Results following the procedures also showed that risk for mortality, myocardial infarction (heart attack), kidney injury, and neurologic complications were low and appeared to be clinically consistent in both groups. The most common complications were vascular and bleeding requiring transfusion, but vascular complications decreased between 2012-2013 and 2014 (5.6% vs. 4.2%) and site-reported stroke rates remained stable at 2.2%.
"For patients, particularly those who are frail or elderly and have multiple health conditions, the outcomes reported thus far should provide reassurance that TAVR is safe and effective for the relief of symptoms in the short term," said Dr. Grover. "This patient population is more often concerned with quality of life than long-term results, and our report shows that TAVR is a good option for them."
In addition, the researchers found that more heart teams are now using moderate sedation instead of general anesthesia, which allows for quicker recovery after surgery and shorter procedure durations. It also has the potential to reduce the patient's length of stay in the hospital, which can reduce overall hospital costs.
Importance for Patients
As less invasive procedures become more available to patients, the TVT Registry will continue to play an important role in tracking both short- and long-term outcomes, as well as providing surveillance of medical devices once they are approved by the FDA.

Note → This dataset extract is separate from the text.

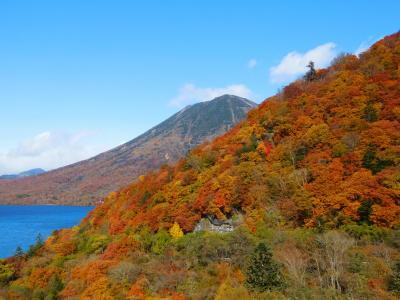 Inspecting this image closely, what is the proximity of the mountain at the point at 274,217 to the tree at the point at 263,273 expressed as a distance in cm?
7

"This Registry presents an incredible opportunity for physicians and their heart teams to be part of a novel post-market surveillance process, enabling STS and ACC to work very closely with regulatory agencies and industry," said Dr. Grover. "We believe that our work will help the FDA to approve important life-saving devices earlier, knowing that our Registry will be used to carefully monitor patients following device implantation."
Device Tracking Ability
In addition to tracking patient outcomes, this first report from the TVT Registry also allowed researchers to track trends in device utilization over the course of the study period. "For example, one important finding we noticed in this report was that TAVR is currently underutilized in black patients (less than 5% of TAVR patients were black)," said Dr. Holmes. "Information like this would have been unknown to us before, but because the Registry data were published, we know about the issue and can more easily address it in clinical practice."
Future of the Registry
In an accompanying editorial, Michael J. Reardon, MD and Neal S. Kleiman, MD, from Houston Methodist DeBakey Heart & Vascular Center in Houston, discussed the impact that the TVT Registry has had to date and where they see it heading in the future. "The STS/ACC TVT Registry represents an unprecedented collaboration between the national cardiology and cardiothoracic surgery societies," said Dr. Reardon. "This multidisciplinary approach has shown tremendous benefit in other areas, such as oncology. I firmly believe that this 'team' approach will allow patients to benefit greatly from the best of both specialties."
He added that as TAVR enters the mainstream of clinical practice, the Registry will need to embrace new challenges and provide new opportunities, "Namely, the Registry will become more useful in showing the relationships between surgeon experience, institutional volume, and the likelihood of achieving favorable patient outcomes."